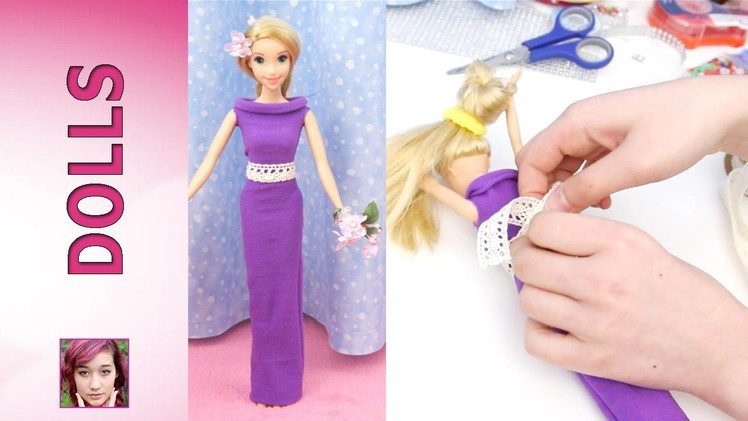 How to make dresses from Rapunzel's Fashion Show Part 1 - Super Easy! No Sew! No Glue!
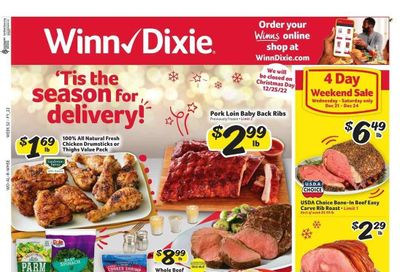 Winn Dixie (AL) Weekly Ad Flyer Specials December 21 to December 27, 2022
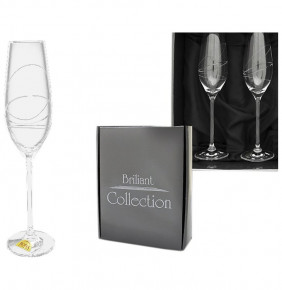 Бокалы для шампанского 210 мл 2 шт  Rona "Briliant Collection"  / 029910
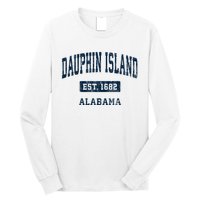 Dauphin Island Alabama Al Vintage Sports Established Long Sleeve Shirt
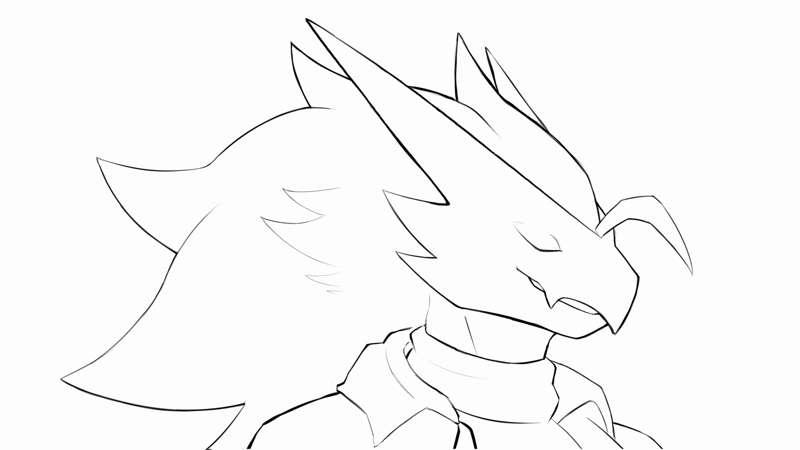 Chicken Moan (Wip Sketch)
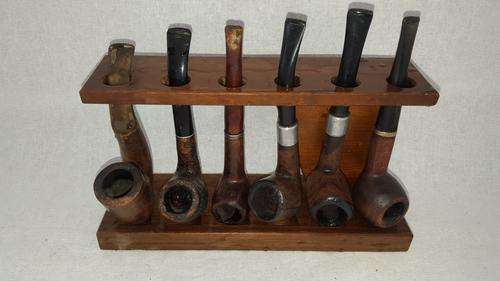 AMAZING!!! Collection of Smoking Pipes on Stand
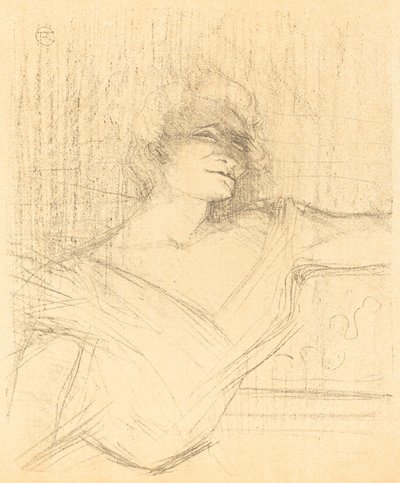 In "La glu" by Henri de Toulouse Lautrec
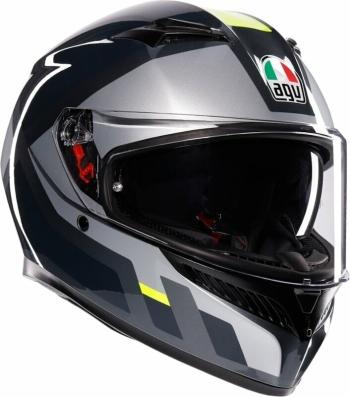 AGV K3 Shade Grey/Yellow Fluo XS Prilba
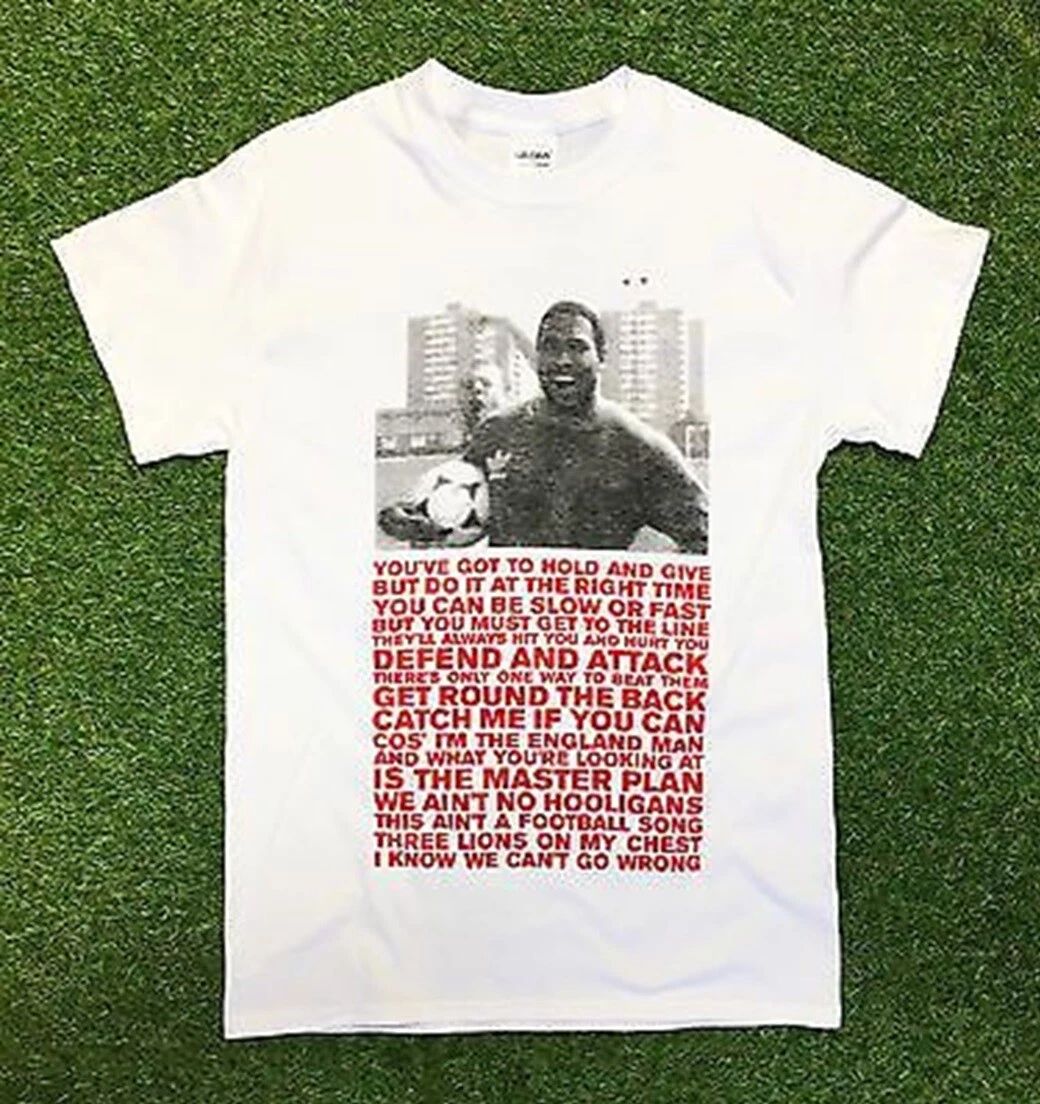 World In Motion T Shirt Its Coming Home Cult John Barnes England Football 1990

#####

Extract, word for word, every line from the one containing "AMAZING!!! Collection of" to the end of the data above, both ends included, and leave out the pictures.

 AMAZING!!! Collection of Smoking Pipes on Stand
 In "La glu" by Henri de Toulouse Lautrec
 AGV K3 Shade Grey/Yellow Fluo XS Prilba
 World In Motion T Shirt Its Coming Home Cult John Barnes England Football 1990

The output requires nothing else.